Oggi l'agricoltura vale solo 2500 miliardi di dollari, il 3,5% del Pil mondiale. Raggiungerà il 7-10% nei prossimi 10-15 anni. Il rischio di una nuova bolla speculativa è alto, ma il mercato della terra è meno volatile dei futures, più solido dei bond europei. Non è un caso che per la prima volta dal 1911 i prezzi dei terreni edificabili scendano, mentre salgono quelli dedicati a fare crescere i frutti della terra. Ci sarà quindi la rivincita dell'ambiente? Sarebbe bello se a metterci e a ricavarci i soldi non fossero i soliti guru dell'alta finanza. Un miliardo di persone nel mondo soffre la fame e il 40% degli occupati mondiali sono agricoltori, la maggioranza di questi poverissimi. Si investe in terre ma la concentrazione del potere è sempre in mano a pochi eletti. George Soros e compagnia bella continueranno a controllare il mercato, i piccoli soccombono, in Italia un quarto degli agricoltori negli ultimi 5 anni ha sospeso la propria attività. Cosa possiamo fare? Noi possiamo rinunciare ai lamponi a Natale e alle mele d'oltreoceano. Lo speck comprarlo solo se ha la denominazione Bauernspeck, il latte dai contadini di montagna. Il tonno se proviene da una pesca sostenibile, le banane e il caffè da commercio equo e solidale.
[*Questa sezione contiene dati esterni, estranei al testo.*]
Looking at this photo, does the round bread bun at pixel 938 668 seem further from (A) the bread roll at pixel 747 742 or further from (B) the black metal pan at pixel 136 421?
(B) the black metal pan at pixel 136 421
Le monoculture fanno danni anche in Südtirol: dobbiamo diversificare e scegliere con attenzione. Le lacrime di quel contadino pugliese ci riguardano direttamente. Della sua sventura anche noi ne siamo responsabili. Un mondo migliore è possibile, il tempo però è scaduto. L'attuale modello agroalimentare è un fallimento, va cambiato. E il cambiamento deve iniziare da noi. Subito.
* Proprietario del ristorante la Stua di Michil, a Corvara in Badia (Bz), con tre forchette del Gambero Rosso grazie a scelte precise: cibi biologici, prodotti localmente e frutto di commercio equo.